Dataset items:
- - - - -
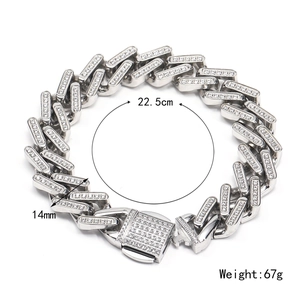14mm silbernes Iced-out-Panzerarmband mit klaren Kristallen und 22,5 cm Kette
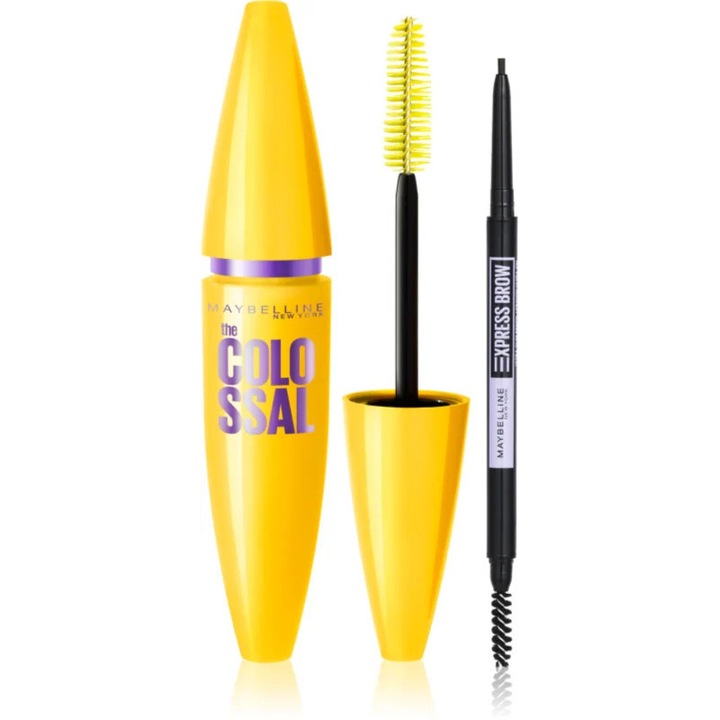 Комплект гримове Maybelline, туба The Colossal Black 10.7 мл, Ултра тънки вежди 04 Средно кафяво 9 г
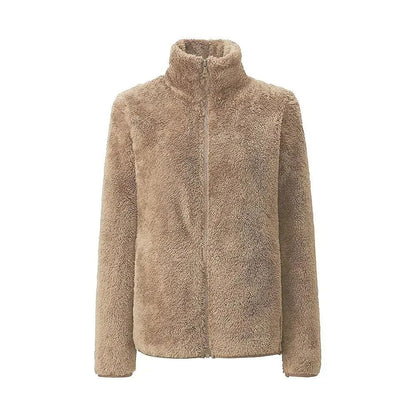 Damen Teddy-Fleecejacke Stehkragen Reißverschluss Warm Beige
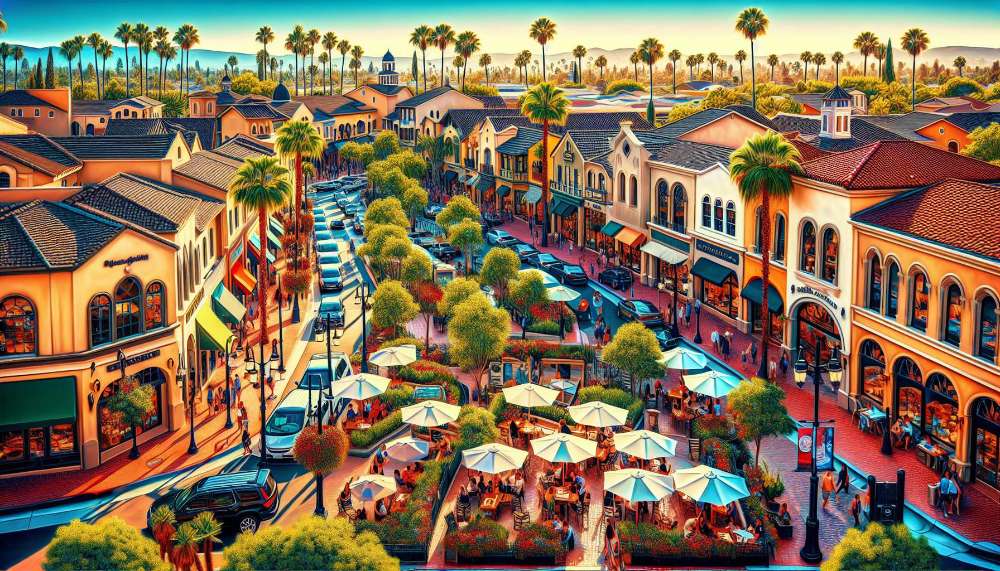 A vibrant street scene in Mission Viejo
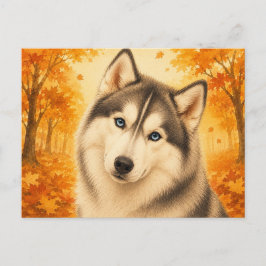 Postal Perro de bosque otoñal Husky Siberiano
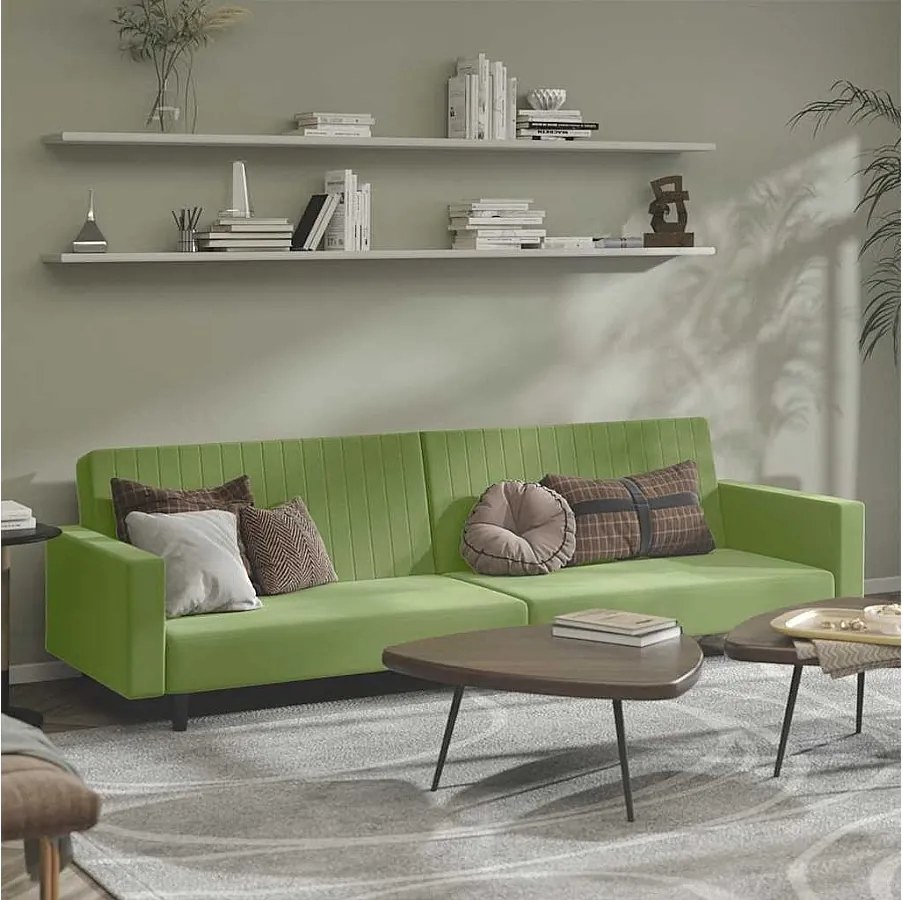 Rozkładana Sofa w Kolorze Jasnozielonym z Weluru na 2 Miejsca - Konwertowalna w Łóżko - Solidna Drewniana Konstrukcja - Wielofunkcyjna i Wygodna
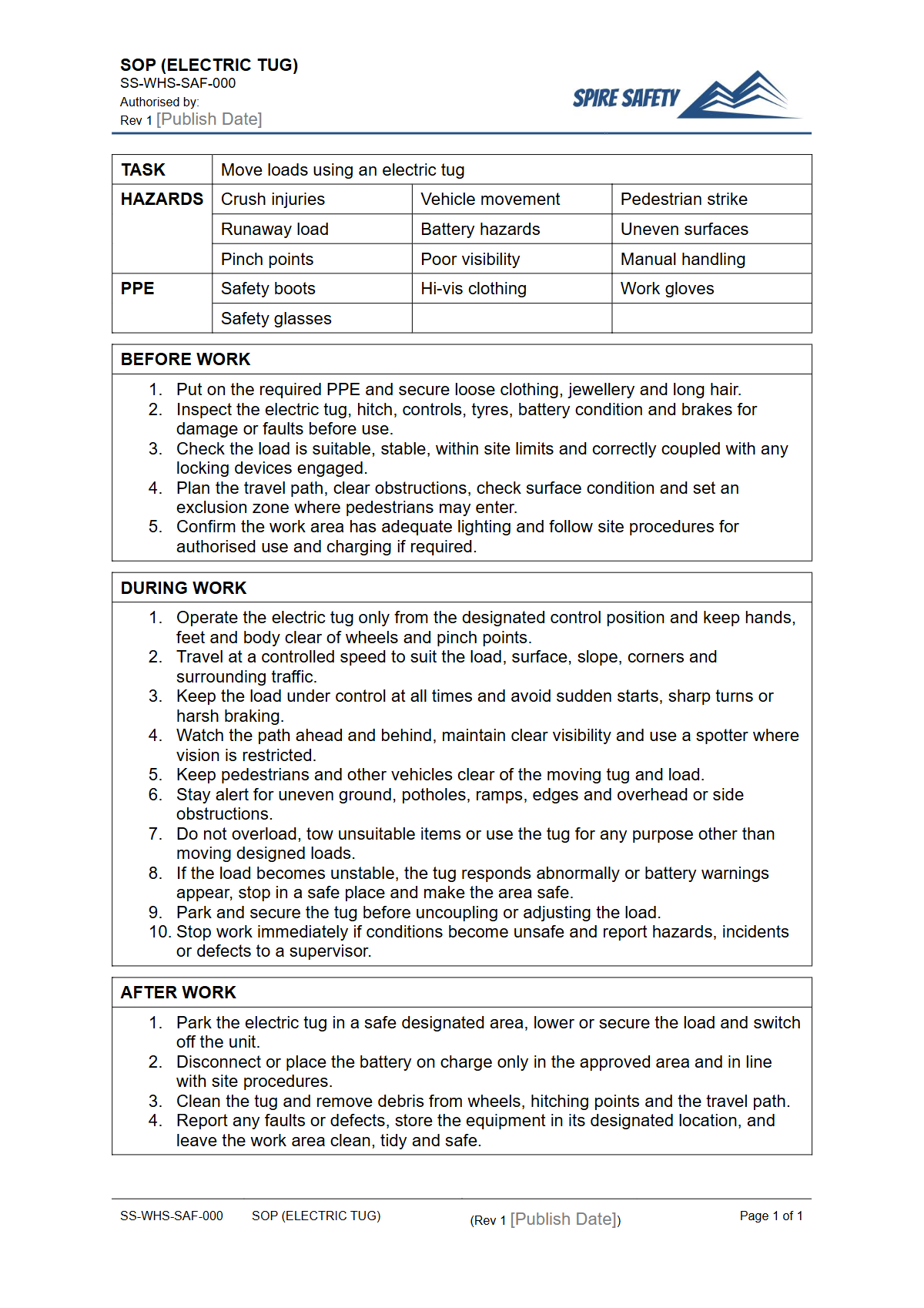 Free Safe Operating Procedure (Electric Tug) Template — document preview
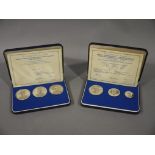 Two sets of medallions dated 1969 by metal import commemorating mans first landing on the moon and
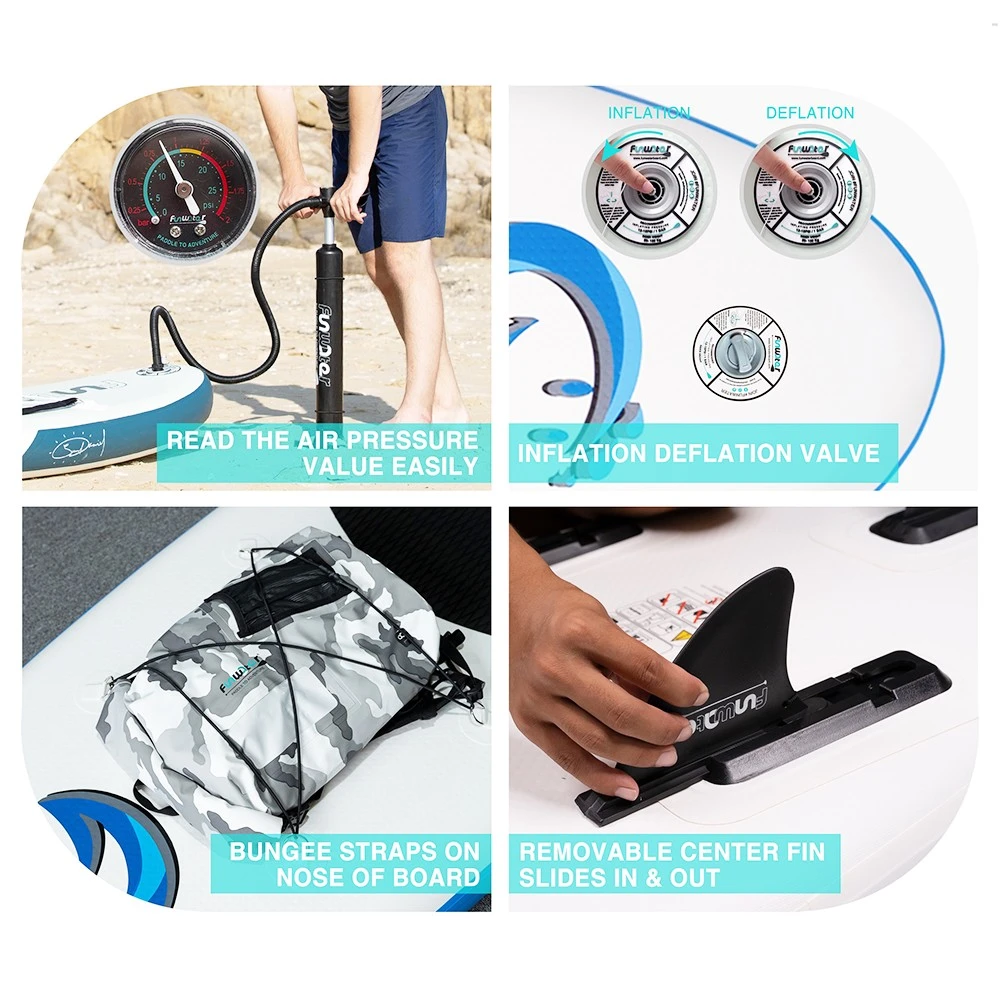 Funwater Smilling Face 335x82x15cm Inflatable Stand Up Paddling Board Adjustable Maximum Load 150kg With Accessor - Image 5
- - - - -
— DIRECTIONS FOR THIS TASK —
Return each record above as it stands. Pictures stay out.

— SOLUTION —
14mm silbernes Iced-out-Panzerarmband mit klaren Kristallen und 22,5 cm Kette
 Комплект гримове Maybelline, туба The Colossal Black 10.7 мл, Ултра тънки вежди 04 Средно кафяво 9 г
 Damen Teddy-Fleecejacke Stehkragen Reißverschluss Warm Beige
 A vibrant street scene in Mission Viejo
 Postal Perro de bosque otoñal Husky Siberiano
 Rozkładana Sofa w Kolorze Jasnozielonym z Weluru na 2 Miejsca - Konwertowalna w Łóżko - Solidna Drewniana Konstrukcja - Wielofunkcyjna i Wygodna
 Free Safe Operating Procedure (Electric Tug) Template — document preview
 Two sets of medallions dated 1969 by metal import commemorating mans first landing on the moon and
 Funwater Smilling Face 335x82x15cm Inflatable Stand Up Paddling Board Adjustable Maximum Load 150kg With Accessor - Image 5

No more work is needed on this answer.